Photo credit: Nigel Kinrade Photography

Late caution, overtime derail No. 12 team's Darlington plan


DARLINGTON, S.C. -- The plan worked to perfection...until it didn't.

One moment, Ryan Blaney was the leader after chasing down Tyler Reddick in the closing laps of Sunday's Cup Series race at Darlington Raceway. The next, he was preparing for the overtime restart that ultimately took away his opportunity to win his first race of the season.

"If the caution didn't come out, I thought we would have won easily," Blaney said after finishing fifth in Sunday's Cup Series race. "Like we were so much faster on newer tires. We had a great strategy call running long."

The No. 12 team used two different strategies during Sunday's Cup Series race. They were the first to pit during green flag pit stops in stage 2. This did not pan out as debris brought out the caution shortly after and reshuffled the field.

The strategy in the final stage was to run longer than the rest of the drivers contending for the win. He continued making laps while Tyler Reddick, Christopher Bell, and then William Byron all made their green flag stops.

This strategy dropped Blaney to the back half of the top 10 with just over 40 laps remaining in the scheduled distance, but he had the speed to work through the field.

He steadily did so while passing Joey Logano, Byron, Bell, and other drivers. He erased Reddick's lead of over six seconds and made the pass for the lead with four laps remaining in the scheduled distance.

"Our kind of only play was to try to run long like that," crew chief Jonathan Hassler said after the race. "Worked out probably better than I thought it would with the chance to take the win."

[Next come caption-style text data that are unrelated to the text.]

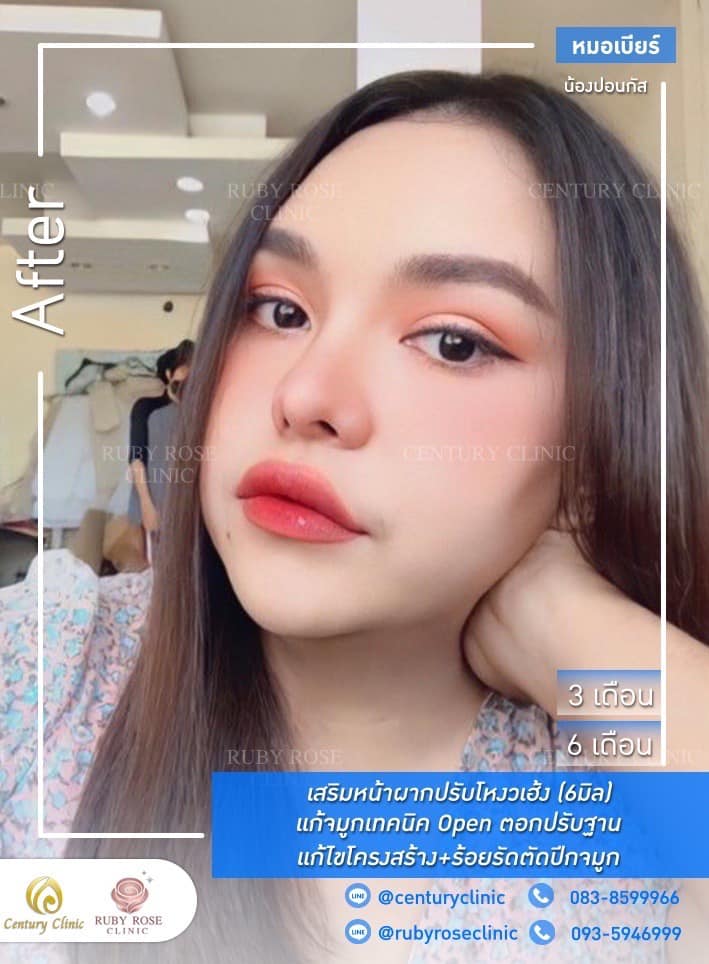 Century-รีวิว-แก้จมูก 1#342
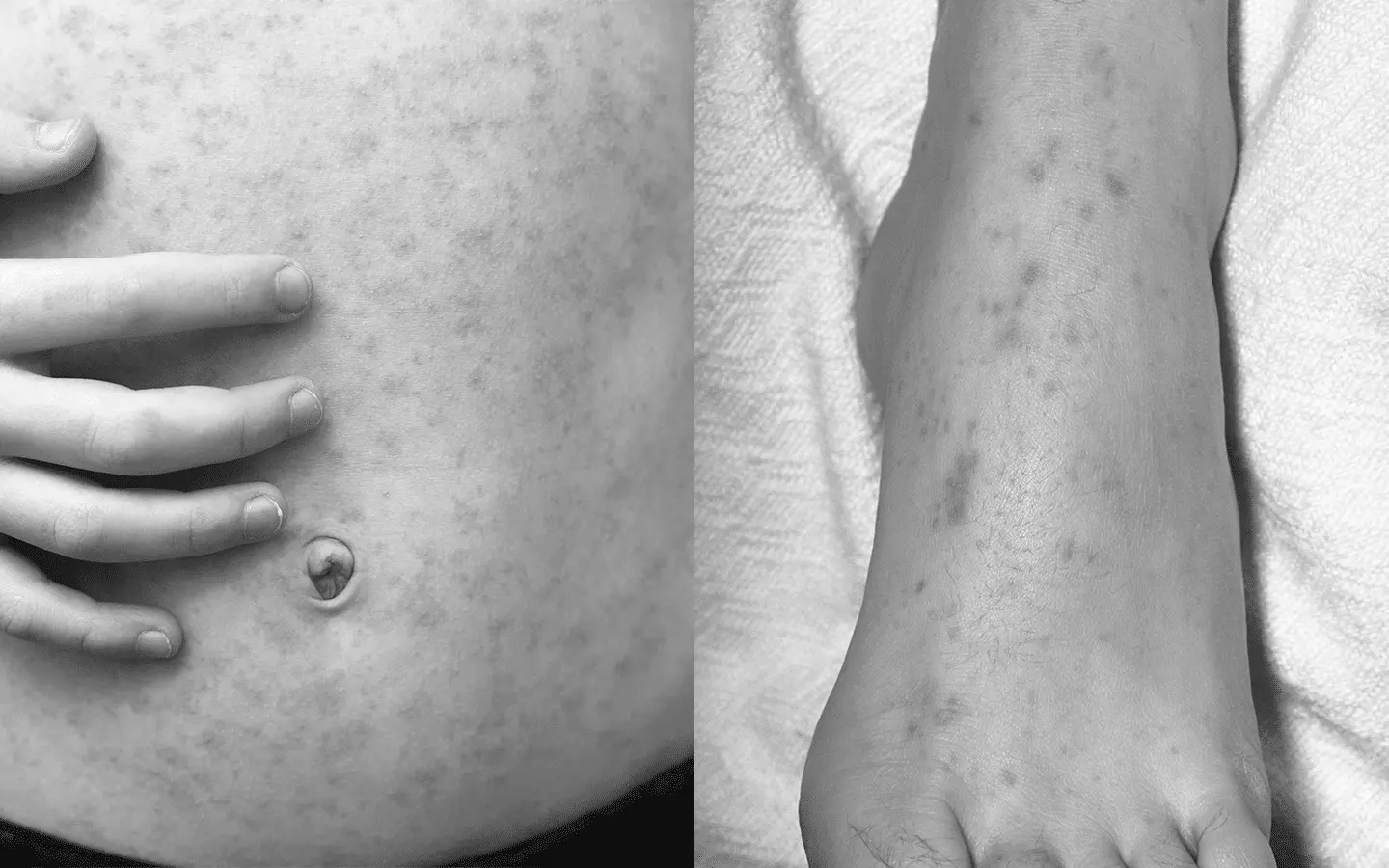 Best Itching & Rash Treatments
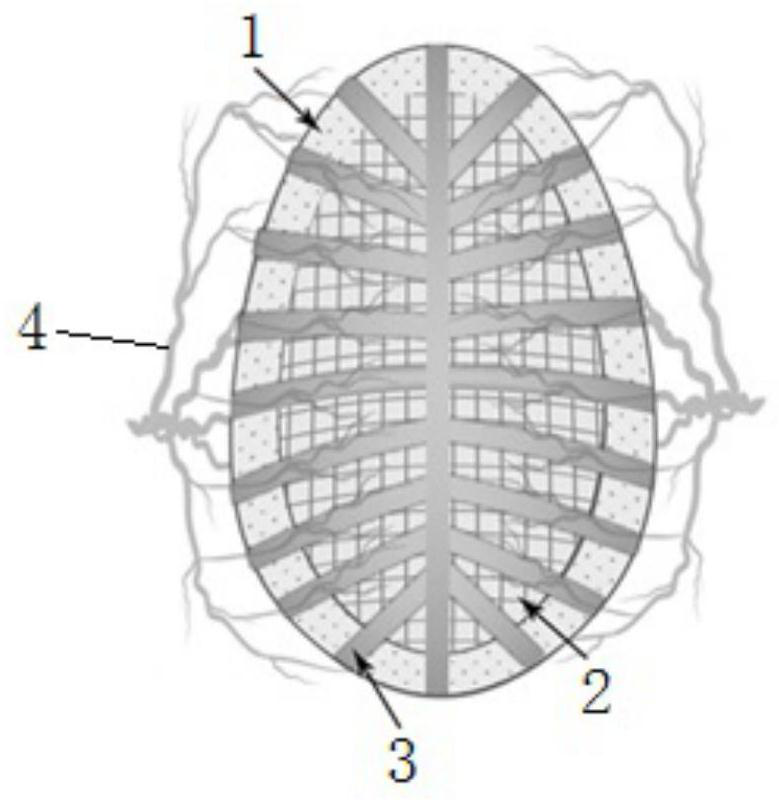 Layered bionic pore channel-porous composite scaffold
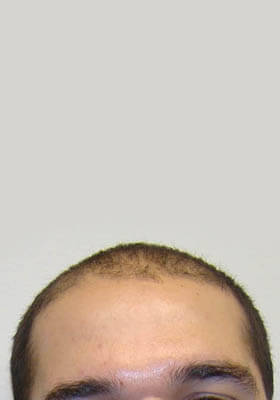 hair transplant photos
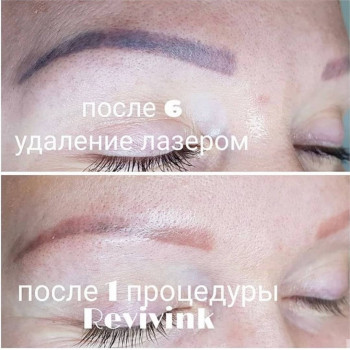 Удаление татуажа
                    Мастер перманентного макияжа Юлия Лисицына Днепр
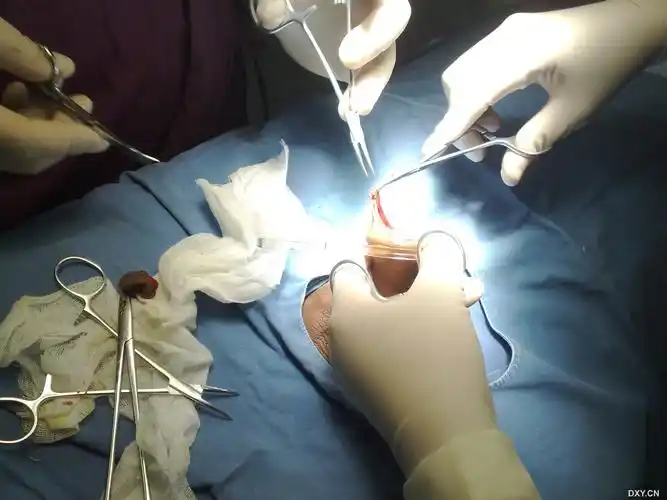 【进展】包皮套扎全过程高清图片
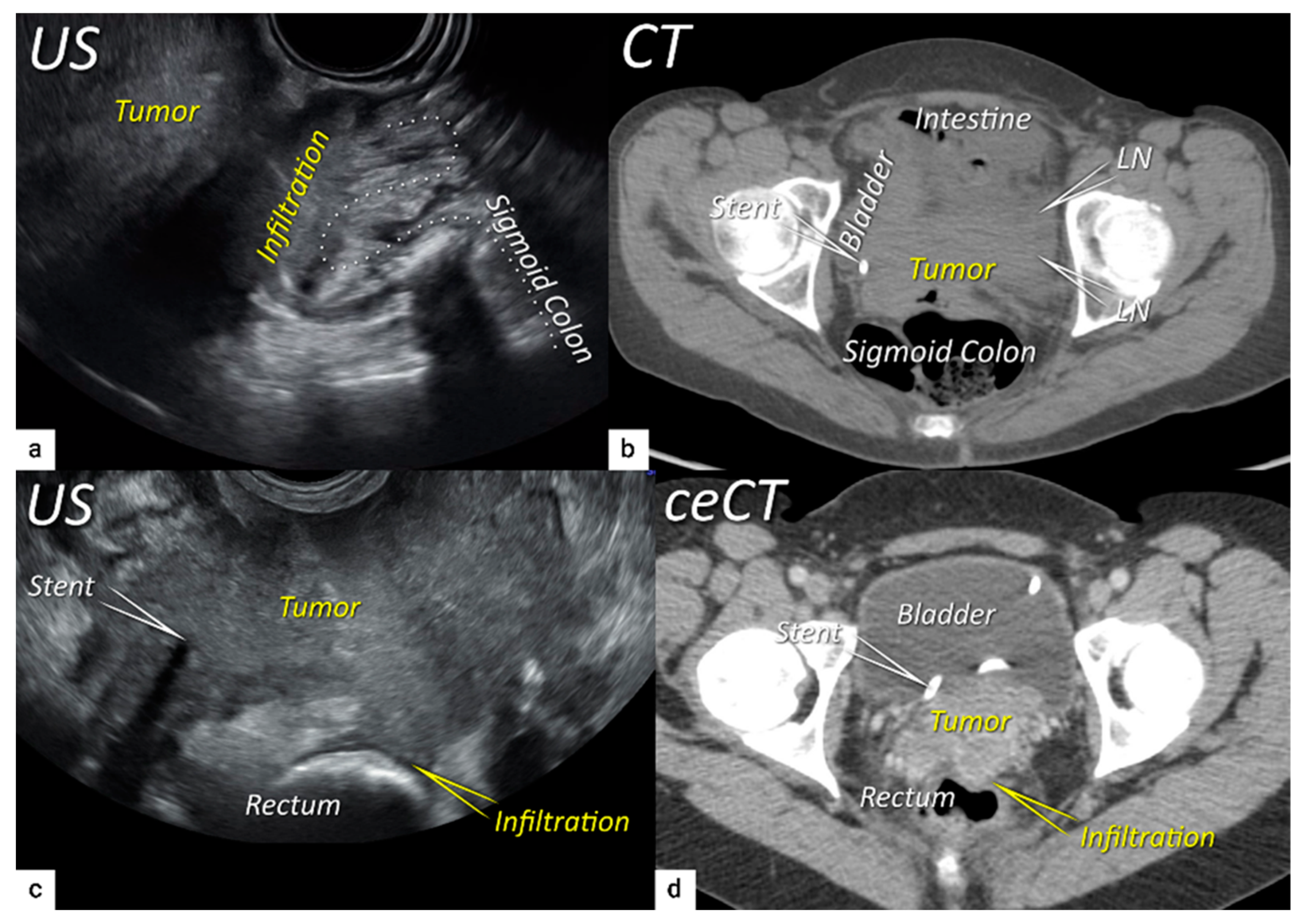 Cancers 16 00775 g007 Cancers 16 00775 g007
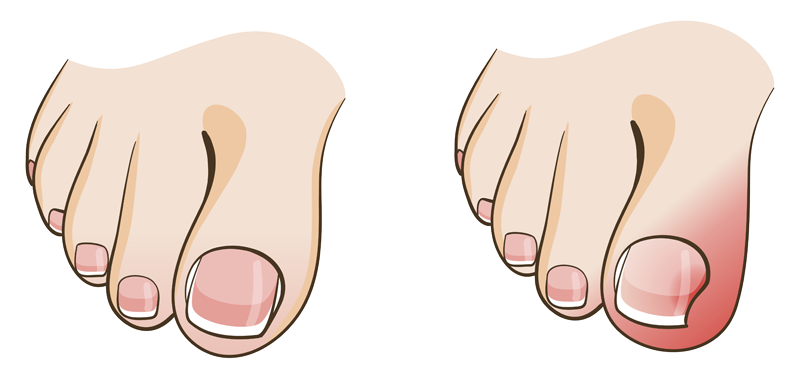 batık tırnak resim ikon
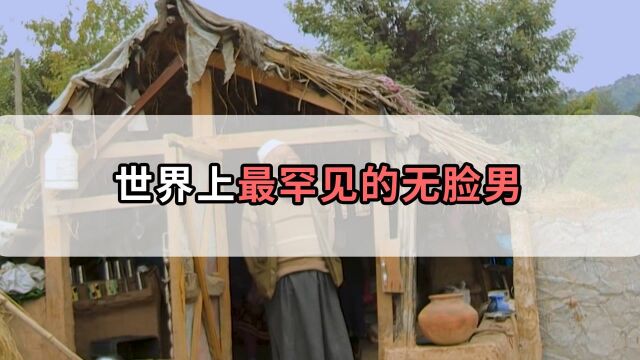 世界上超罕见的人,生活在现实中的无脸男,曾被人当野兽攻击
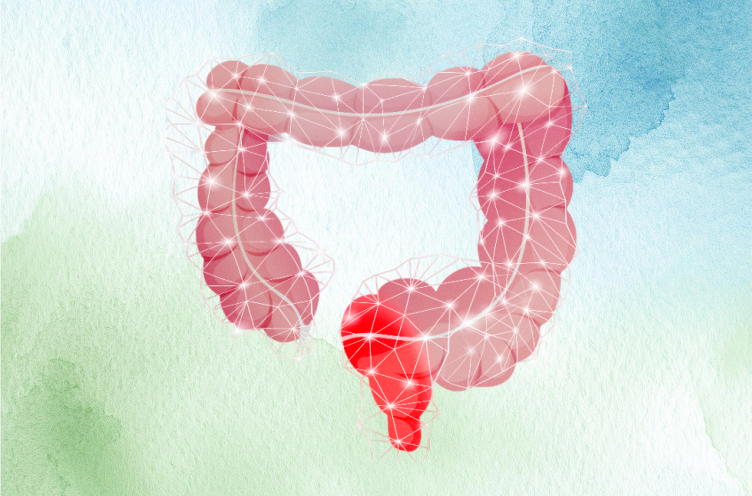 Câncer Colorretal | Prevenção
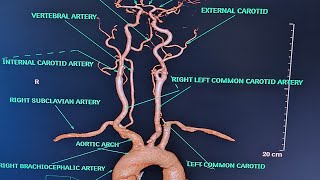 BRAIN AND NECK ANGIOGRAPHY On ct scanALL ABOUT ANGIOGRAPHYPART2CONCEPT ON ANGIOGRAPHY [upl. by Ott]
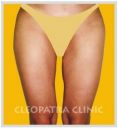 Liposukcja (odsysanie tłuszczu) - Zdjęcie przed - MUDr. Taisir Zakout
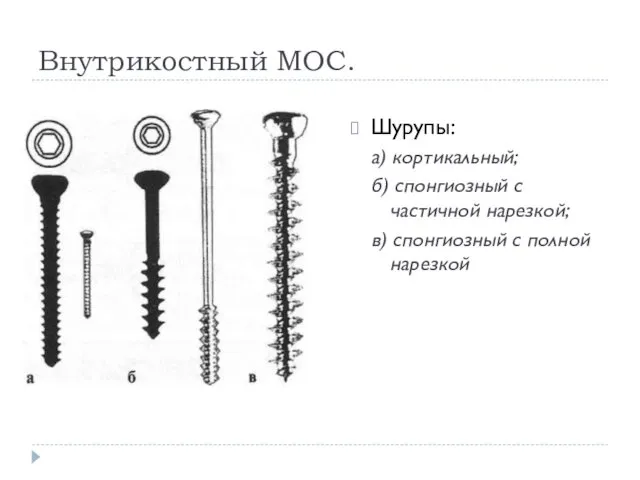 Внутрикостный МОС. Шурупы: а) кортикальный; б) спонгиозный с частичной нарезкой; в) спонгиозный с полной нарезкой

This plan initially worked. Blaney took the lead and began to pull away from Reddick, but the caution derailed it. Kyle Larson checked up in front of Bubba Wallace, who had no time to react. Wallace hit Larson from behind, sent the No. 5 Chevrolet into the inside SAFER barrier, and sent the race to overtime.

This created another problem for Blaney, whose team lost multiple spots on pit road throughout the day. One poor stop was due to an issue with the jack.

Blaney led the field to the pits for the final stop, but he fell to fourth despite having a clean sequence. Denny Hamlin's team delivered their best stop of the day and helped him take the lead off pit road.

"If you look, they definitely had one mistake with the jack that cost us a lot of time," Hassler said. "Our last stop was clean, a 9.3 (second stop), I think, but the (other) guys were running low eights and the 24, I think we matched his time there on the last stop in pit stall one."

This final stop wasn't catastrophic for the No. 12 team; it was just slower than that of the race-winning No. 11 team, the No. 45 team, and the No. 24 team. This dropped Blaney to the second row for the overtime restart.

These spots are hard to make up in only two laps, especially while driving a car built for the long run.

"It was just a day where nothing really went our way," Blaney said. "It's kind of crappy. That part sucks about it. Your car is so fast, and we just kept having to make it up. "It was like, 'Gosh, we have to come from 15th to the top three.' We just could never start at the front.

"I thought we were, by far, the best car, especially the second half of the race, and just had to keep playing catch-up, so we have to clean a few things up on our end, for sure, but I'm really proud of the effort."